A consultants approach to painting

Thursday, Jan 1, 2015 5 minute read Tags: random
Hey, thanks for the interest in this post, but just letting you know that it is over 3 years old, so the content in here may not be accurate.

A few months ago my PO, aka wife, pitched a new project, painting our lounge room. She decided to go to market and find the right people to do the project. Since it’s my home too I decided to respond to the RFP as c’mon, how hard can painting a room really be?

After a couple of different quotes came in I managed to win the work, being the cheapest option (the whole free labor thing won out) but there was a condition, as I don’t have much practical experience I would start with a PoC, painting my study. Based on the outcome of the PoC I might be given the rest of the project.

You won the work, now what?

Since I’ve now won the work I actually have to do it. The problem is that I don’t really have any painting experience (well except that finger painting I did for my parents in high school). Sure I’ve got theoretical experience and I’ve watched those renovation shows but I’ve never actually painted a room and being a good consultant nothing is beyond me, I can adapt on the fly.
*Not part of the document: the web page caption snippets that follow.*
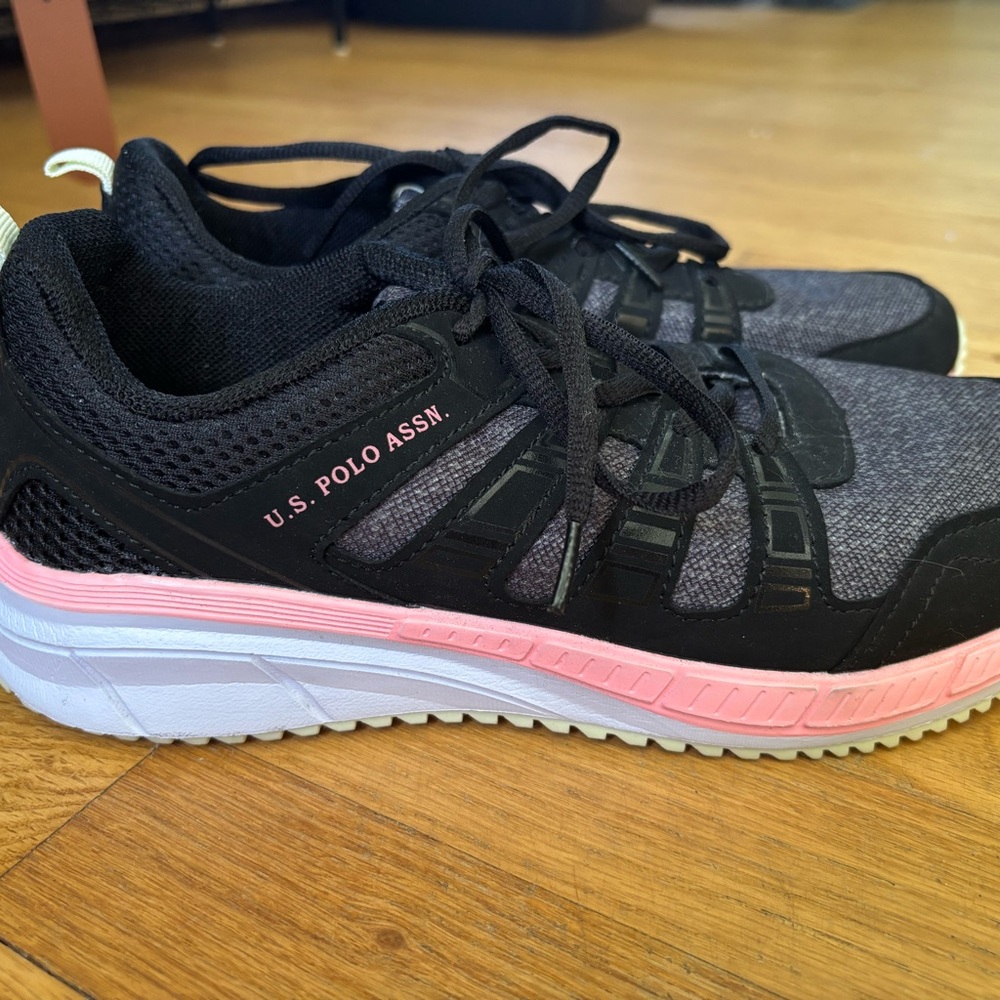 U.S. Polo Assn. Women's Black and Pink Sneakers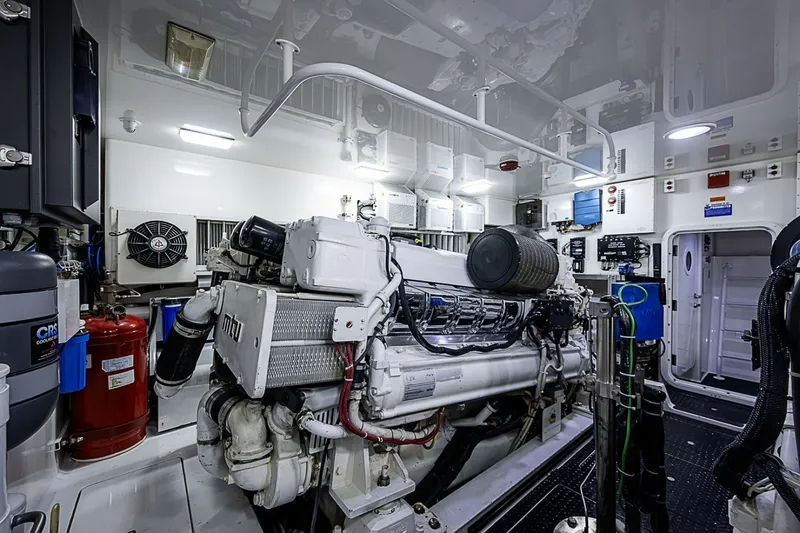 Slide: The Image of Viking 76 Enclosed Bridge 2011 - 7406565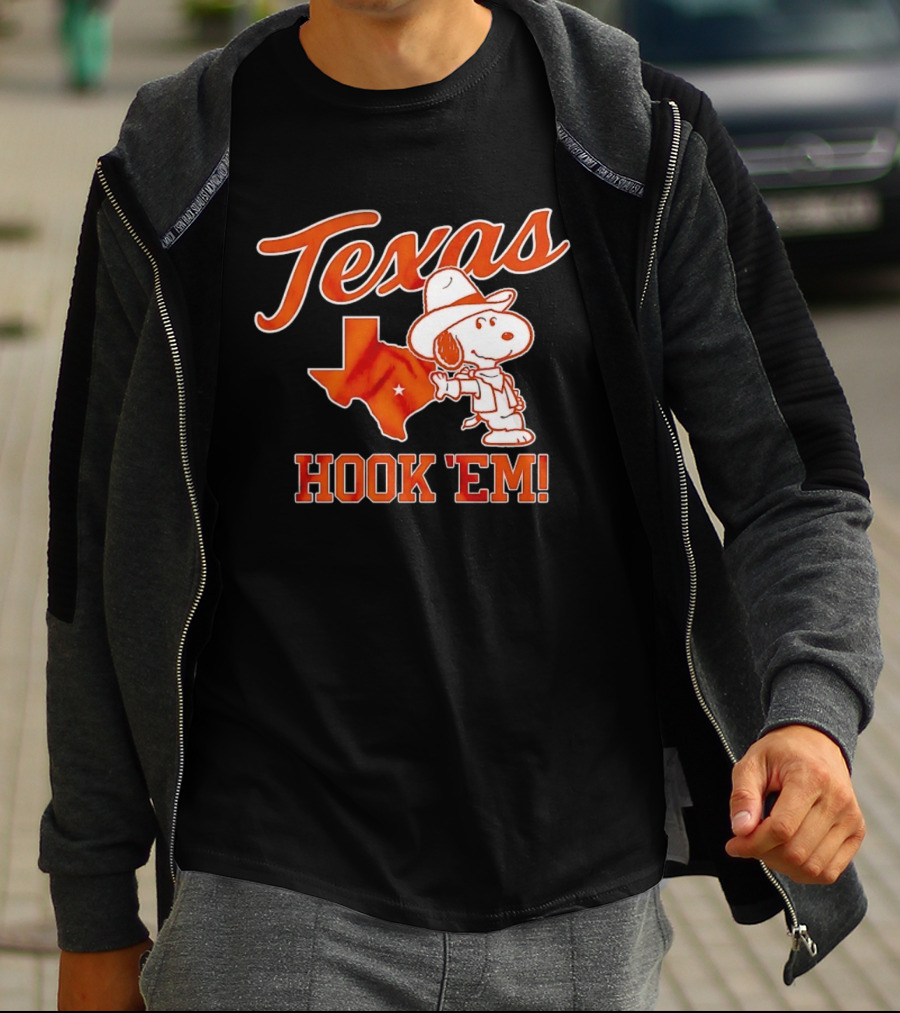 Texas Snoopy Hook 'Em Peanuts Cowboy Spirit T-Shirt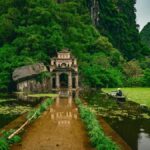 Hoa Lu – Tam Coc Boating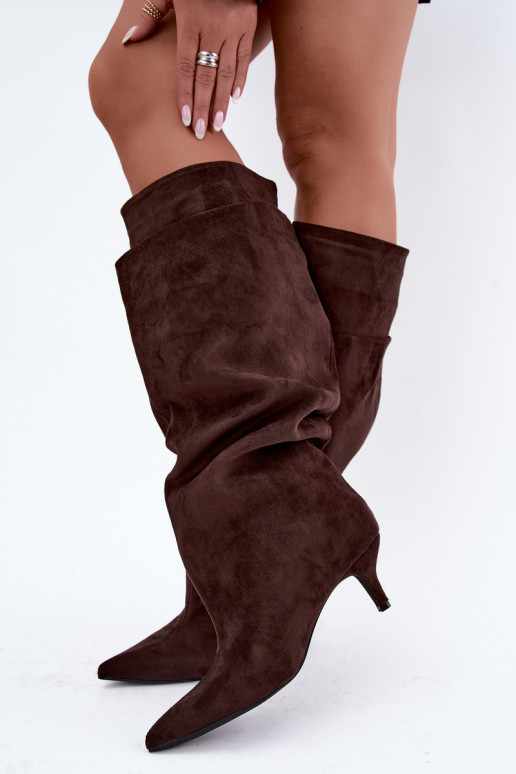 Botas altas quentes com babados e salto na cor chocolate Oriellea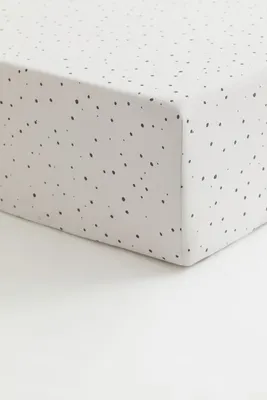 Dotted Crib Sheet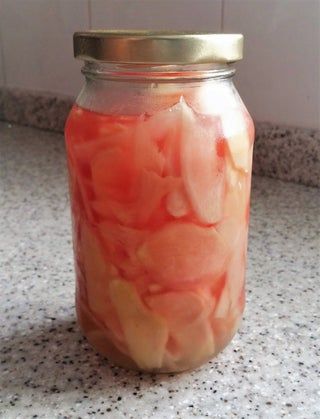 Abc Juice, Sushi Ginger, Buttery Rolls, Fermentation Recipes, Pickled Ginger, Pickled Veggies, Ginger Turmeric, Pickled Vegetables, Ginger Recipes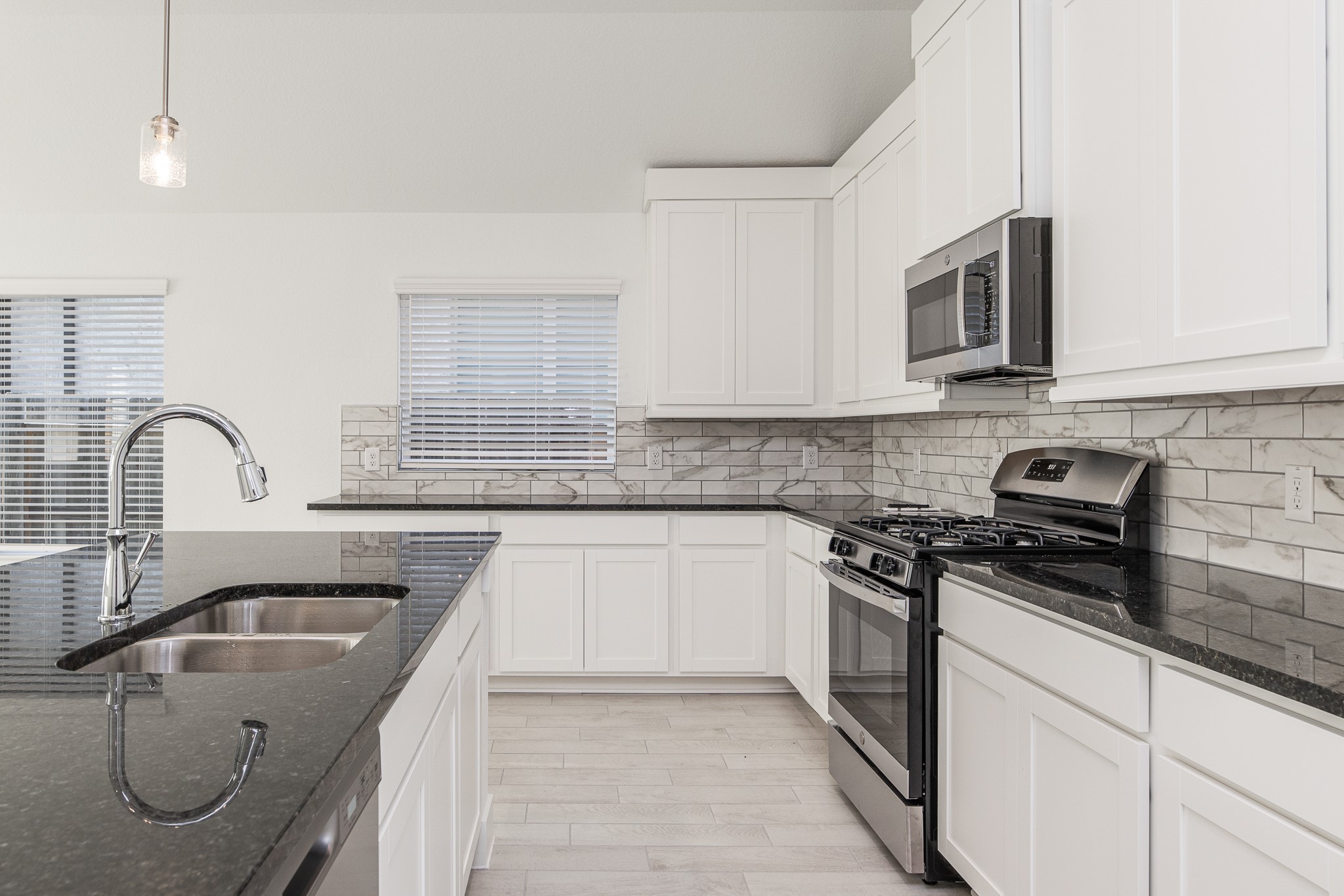 4802 Seabourne Landing Drive Property Photo 13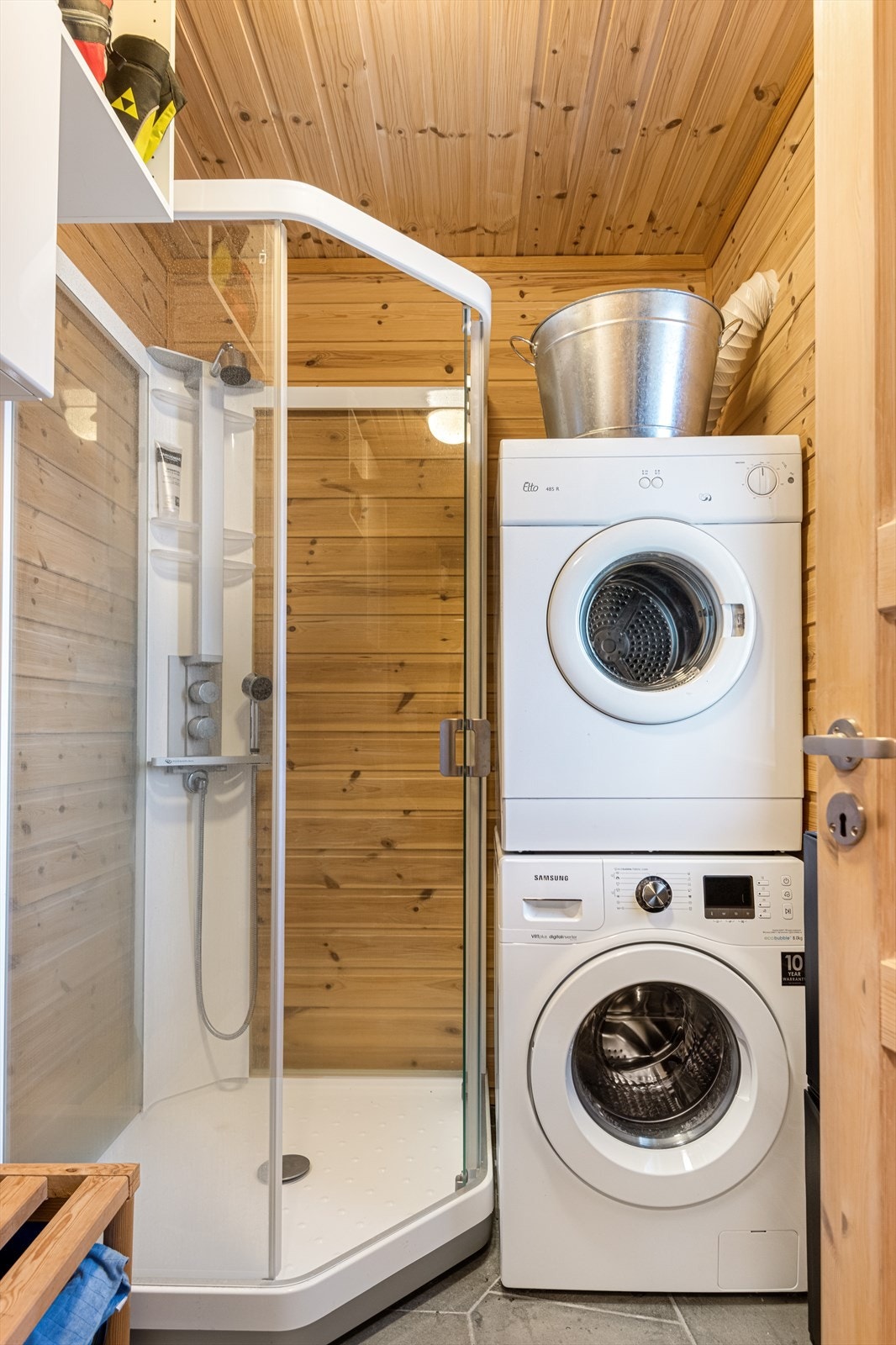 Vaskerom/bad nr. 2 Galleribilde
The first step though was to approach my PO about scaling up the team from 1 to 2 people and bring in someone with more experience, my father. The PO agreed and I organised for my parents to stay after Christmas so undertake the project.

D-Day

On Boxing Day we’re at our house after again consuming way too much food and while the project doesn’t actually kick off until the next day we decided to do some preliminary analysis of the work required. We started by stripping the paint off the door frame. After a few hours at this and uncovering that there was a least 5 different colour layers in the paint we approached the PO to renegotiate the project, it wouldn’t be feasible to strip all the skirting boards as well as paint the room. But this is the advantage of an agile project, we were able to identify a problem early and change to reduce risk to the overall project.

The next morning we went out to pick up the supplies that we needed, paints for the various colours that the PO wanted and set to patching a part of the celling which we’d had repaired by not repainted.

To paint the study we would need to move some of the bookshelves away from the wall but we also decided that we’d add some more storage by stacking them. Well good thing that we did the ‘measure twice, cut once’ approach as we found out that our roof was ~5cm lower than we’d thought so we wouldn’t be able to stack the shelves. We presented this finding to our PO and that we’d need a new plan on how to increase the storage within the room. Through some discussions of the requirements we came up with a new plan, the shelves would move to a different wall and use up some whitespace in the room then we could put cupboards on the wall the shelves were originally on.

So we start painting the wall, paint over the patched roof and all goes swimmingly. In fact, the patched roof turned out a lot better than expected. Originally we planned to paint the whole roof but after a few coats over the patch it blended in perfectly meaning we wouldn’t need to do the whole roof. We present our findings to the PO during the demo that evening and talked about the fact that we were running ahead of schedule and planned to increase the backlog and actually do the lounge room.

Fighting scope creep

We’re moving fast through the backlog, we’d achieved our goal with the PoC (to prove we could paint a wall to the required level) and got further through the PoC than we’d expected on the first day and expaded our scope to cover the lounge room and hallway.

But like a true PO they started pushing for more, to paint our spare bedroom. This was going to really push the amount we’d commetted on in the allocated budget. We had to manage expectations, pointing out that we’d need to be doing three coats on the lounge and hallway, two on the feature panel and remounting all the pictures. When our PO realised that we’d be sacrificing quality for quantity the spare bedroom request was dropped.

Finishing the project

At about 8pm on New Years Eve I put the final coat of paint on the door frame, coming in just before the deadline of end of 2014 to finish the painting. There’s a few bugs that need to be fixed up later (a couple of places where the feature colour might have bleed dispite my tape effort) but they are in the backlog to be addressed when there is more time budgeted.

Take aways

Something that is always worth to remember is just how important it is to communicate. Approach your PO early when you find roadblocks or need to increase scope. The more visibility you have on a project the faster you can react to scope changes and even increase scope if needed.

The other take away? I don’t think I’ll be on any home renovation shows any time soon.